ぼくはサーフィンを始めて最初の冬、セミドライを買うのをケチって12月で海から離れました。そして翌年3月、久しぶりの海でテイクオフの感覚をほぼ忘れていて愕然としました。冬の3ヶ月を休むと、上達は半年戻る——これがぼくの実感です。

実践ポイント:本気で上達したいなら、セミドライは「ぜいたく品」ではなく「投資」です。最近のセミドライは軽くて暖かく、真冬の海が意外と快適なことに驚くはずです。中に着るインナー選びも保温力を大きく左右するので、サーフィン用インナーの記事も参考にしてください。

10. ドライスーツ

水の浸入を極力ゼロに近づけた、最強の防寒装備です。東北・北海道など、真冬の水温が一桁前半になるエリアで活躍します。

注意点はひとつ。買うなら必ずカスタムオーダーにしてください。既製サイズで体に合っていないと、首や手足から水が入ってドライの意味がなくなるうえ、生地が突っ張って動きづらくなります。

実践ポイント:関東以南の平均的なサーファーには、まずセミドライで十分。ドライスーツは「寒冷地に住んでいる」「真冬に長時間入る」人向けの選択肢です。


初心者がやりがちな失敗3つ【全部ぼくがやりました】

失敗1:見た目で選んで、着られる期間が短い1枚を買う

スプリングやタッパーはおしゃれに見えますが、出番は年間数週間〜2ヶ月程度。最初の1枚に選ぶと「今日は寒くて入れない」が連発します。

失敗2:サイズを「なんとなくM」で選ぶ

ウェットスーツは服のサイズ感覚で選ぶと失敗します。ゆるいと水が入って保温力ゼロ、きついとパドリングで擦れたり可動域が狭くなったりして、体力が削られます。

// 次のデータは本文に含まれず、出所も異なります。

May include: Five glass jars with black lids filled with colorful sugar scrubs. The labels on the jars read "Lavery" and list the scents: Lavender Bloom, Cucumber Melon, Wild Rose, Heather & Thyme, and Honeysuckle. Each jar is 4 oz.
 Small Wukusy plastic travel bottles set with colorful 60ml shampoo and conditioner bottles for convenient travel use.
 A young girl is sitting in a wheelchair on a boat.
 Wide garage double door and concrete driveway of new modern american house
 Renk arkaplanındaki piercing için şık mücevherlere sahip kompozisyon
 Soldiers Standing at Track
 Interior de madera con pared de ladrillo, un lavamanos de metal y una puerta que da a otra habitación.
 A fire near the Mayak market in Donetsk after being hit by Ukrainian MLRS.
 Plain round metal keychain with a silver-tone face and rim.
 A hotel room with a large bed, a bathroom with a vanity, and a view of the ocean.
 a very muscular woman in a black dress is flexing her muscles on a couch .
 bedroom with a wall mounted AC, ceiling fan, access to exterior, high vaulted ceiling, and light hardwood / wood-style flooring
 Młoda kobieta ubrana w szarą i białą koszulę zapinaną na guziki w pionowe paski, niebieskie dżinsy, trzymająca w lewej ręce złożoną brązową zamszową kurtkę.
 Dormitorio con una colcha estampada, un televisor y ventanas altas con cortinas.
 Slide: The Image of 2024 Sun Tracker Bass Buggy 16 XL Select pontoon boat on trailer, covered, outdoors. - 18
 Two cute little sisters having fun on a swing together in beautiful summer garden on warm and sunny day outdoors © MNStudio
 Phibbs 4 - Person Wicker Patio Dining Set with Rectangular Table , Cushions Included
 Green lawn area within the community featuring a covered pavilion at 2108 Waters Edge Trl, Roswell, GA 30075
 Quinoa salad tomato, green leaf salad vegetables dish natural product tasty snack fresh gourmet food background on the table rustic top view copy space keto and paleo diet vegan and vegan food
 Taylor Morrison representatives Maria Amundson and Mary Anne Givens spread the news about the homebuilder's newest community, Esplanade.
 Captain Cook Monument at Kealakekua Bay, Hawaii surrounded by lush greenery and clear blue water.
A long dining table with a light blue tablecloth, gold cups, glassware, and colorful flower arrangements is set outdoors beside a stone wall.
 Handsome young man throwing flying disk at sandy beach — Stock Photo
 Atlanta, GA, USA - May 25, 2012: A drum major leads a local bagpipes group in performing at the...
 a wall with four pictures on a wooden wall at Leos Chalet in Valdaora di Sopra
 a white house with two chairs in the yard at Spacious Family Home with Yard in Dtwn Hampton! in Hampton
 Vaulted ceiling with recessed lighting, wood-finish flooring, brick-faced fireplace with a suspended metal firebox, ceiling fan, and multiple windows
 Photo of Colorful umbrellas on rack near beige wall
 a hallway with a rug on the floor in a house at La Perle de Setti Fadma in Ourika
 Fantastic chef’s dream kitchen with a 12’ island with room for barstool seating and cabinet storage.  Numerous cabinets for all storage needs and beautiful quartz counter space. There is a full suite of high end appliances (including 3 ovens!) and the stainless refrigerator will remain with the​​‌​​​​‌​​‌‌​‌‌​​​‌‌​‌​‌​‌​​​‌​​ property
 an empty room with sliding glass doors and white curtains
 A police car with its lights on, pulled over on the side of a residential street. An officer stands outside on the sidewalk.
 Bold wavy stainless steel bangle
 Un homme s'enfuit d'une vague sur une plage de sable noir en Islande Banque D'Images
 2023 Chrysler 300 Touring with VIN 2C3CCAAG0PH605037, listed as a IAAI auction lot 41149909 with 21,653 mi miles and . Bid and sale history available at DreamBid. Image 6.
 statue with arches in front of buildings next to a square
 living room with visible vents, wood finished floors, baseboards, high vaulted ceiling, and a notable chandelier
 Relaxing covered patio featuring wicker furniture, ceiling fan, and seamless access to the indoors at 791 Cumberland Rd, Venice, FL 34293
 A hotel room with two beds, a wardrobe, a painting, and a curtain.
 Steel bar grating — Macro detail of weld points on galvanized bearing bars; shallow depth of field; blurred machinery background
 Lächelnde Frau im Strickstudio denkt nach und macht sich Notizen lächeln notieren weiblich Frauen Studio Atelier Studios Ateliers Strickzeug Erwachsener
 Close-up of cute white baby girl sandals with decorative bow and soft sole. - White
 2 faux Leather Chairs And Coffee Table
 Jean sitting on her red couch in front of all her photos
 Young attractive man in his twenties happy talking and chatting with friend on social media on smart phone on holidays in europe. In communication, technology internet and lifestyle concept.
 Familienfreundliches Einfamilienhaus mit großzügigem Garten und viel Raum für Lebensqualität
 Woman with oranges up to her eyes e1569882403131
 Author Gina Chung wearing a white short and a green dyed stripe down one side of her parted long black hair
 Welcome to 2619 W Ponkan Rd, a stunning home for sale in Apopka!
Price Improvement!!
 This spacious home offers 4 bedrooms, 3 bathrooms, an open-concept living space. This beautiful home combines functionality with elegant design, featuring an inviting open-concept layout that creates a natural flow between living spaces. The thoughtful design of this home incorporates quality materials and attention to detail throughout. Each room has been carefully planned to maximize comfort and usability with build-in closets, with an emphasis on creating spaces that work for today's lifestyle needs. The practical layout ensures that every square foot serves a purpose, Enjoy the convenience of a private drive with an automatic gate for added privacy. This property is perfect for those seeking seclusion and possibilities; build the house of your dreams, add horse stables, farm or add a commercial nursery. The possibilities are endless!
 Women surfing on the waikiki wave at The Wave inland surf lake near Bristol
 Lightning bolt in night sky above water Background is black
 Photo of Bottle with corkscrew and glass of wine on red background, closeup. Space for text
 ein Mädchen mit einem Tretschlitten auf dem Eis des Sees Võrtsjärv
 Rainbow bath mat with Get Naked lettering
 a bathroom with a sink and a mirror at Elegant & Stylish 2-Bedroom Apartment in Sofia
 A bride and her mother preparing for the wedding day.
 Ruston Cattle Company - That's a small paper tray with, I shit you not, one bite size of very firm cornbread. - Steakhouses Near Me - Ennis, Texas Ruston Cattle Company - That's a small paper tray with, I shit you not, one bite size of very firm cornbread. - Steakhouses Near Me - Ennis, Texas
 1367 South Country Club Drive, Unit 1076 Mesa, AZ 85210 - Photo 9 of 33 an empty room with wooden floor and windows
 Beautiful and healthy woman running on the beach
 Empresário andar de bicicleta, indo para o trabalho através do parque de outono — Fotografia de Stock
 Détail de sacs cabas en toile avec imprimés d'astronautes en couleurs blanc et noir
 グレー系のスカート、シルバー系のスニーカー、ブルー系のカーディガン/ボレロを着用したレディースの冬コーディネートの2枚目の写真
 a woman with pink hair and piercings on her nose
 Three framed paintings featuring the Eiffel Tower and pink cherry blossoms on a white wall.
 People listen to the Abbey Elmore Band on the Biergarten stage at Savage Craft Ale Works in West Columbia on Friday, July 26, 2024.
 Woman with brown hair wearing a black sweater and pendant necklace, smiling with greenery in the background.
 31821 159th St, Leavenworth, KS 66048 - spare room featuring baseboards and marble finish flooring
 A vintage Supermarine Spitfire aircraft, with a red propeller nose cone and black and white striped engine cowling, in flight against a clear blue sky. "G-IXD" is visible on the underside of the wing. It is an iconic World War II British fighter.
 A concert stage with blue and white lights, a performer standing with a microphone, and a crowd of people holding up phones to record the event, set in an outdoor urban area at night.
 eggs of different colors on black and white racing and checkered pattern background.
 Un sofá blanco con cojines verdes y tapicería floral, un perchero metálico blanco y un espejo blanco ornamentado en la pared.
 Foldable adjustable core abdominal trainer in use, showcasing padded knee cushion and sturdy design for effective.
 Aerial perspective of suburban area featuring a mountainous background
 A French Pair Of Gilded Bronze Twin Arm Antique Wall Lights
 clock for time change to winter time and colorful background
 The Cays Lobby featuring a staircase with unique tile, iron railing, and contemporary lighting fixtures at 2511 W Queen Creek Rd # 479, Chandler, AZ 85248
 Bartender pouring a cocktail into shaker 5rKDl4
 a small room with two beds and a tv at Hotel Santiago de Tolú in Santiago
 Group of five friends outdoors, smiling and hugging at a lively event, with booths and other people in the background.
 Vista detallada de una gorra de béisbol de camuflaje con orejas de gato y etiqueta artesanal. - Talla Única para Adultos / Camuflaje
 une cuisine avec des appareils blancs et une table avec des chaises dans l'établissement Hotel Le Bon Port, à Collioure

試着できるならワンサイズ違いも必ず着比べて、「立って屈伸したときに膝裏・脇に大きなシワが寄らないか」をチェックしてください。

失敗3:冬装備をケチって3ヶ月のブランクを作る

上で書いたとおりです。週1サーファーにとって冬の3ヶ月=約12回分の練習。ここを休むかどうかで、翌年の春に同期と大きな差がつきます。


よくある質問

Q. 結局、年間何枚あればいい?

A. ジャーフル3mm+セミドライの2枚があれば、関東なら1年中入れます。快適さを求めるなら3枚目にシーガルかスプリングを。セミドライで寒い場合は、グローブ、ブーツ、ドライスーツを検討しましょう。

Q. 最初はレンタルでもいい?

A. スクール数回まではレンタルでOK。ただし月2回以上行くようになったら、自分の1枚を買ったほうが安く済みます。

Q. 水温や気温はどこで調べればいい?

A. 波情報アプリやサーフショップのSNSで、ポイントごとの水温が確認できます。「今日の◯◯(ポイント名)は何を着ているか」はショップのブログやSNSの写真、現地のライブカメラが最高のカンニングペーパーです。


まとめ:まずは1枚、フルスーツから

状況選ぶべき1枚
これからサーフィンを始めるジャージフルスーツ3mm
冬も続けたいセミドライ(5/3mmなど)
夏を快適にしたいタッパー or ロングジョン
春秋をおしゃれにスプリング/シーガル
寒冷地・厳寒期ドライスーツ(必ずオーダー)

ウェットスーツの種類が多いのは、それだけ日本の海の表情が豊かだからです。1枚ずつ買い足すたびに入れる季節が広がっていくのは、サーフィンの隠れた楽しみのひとつ。

まずはフルスーツを1枚。そこから、あなたの海のカレンダーを少しずつ埋めていきましょう。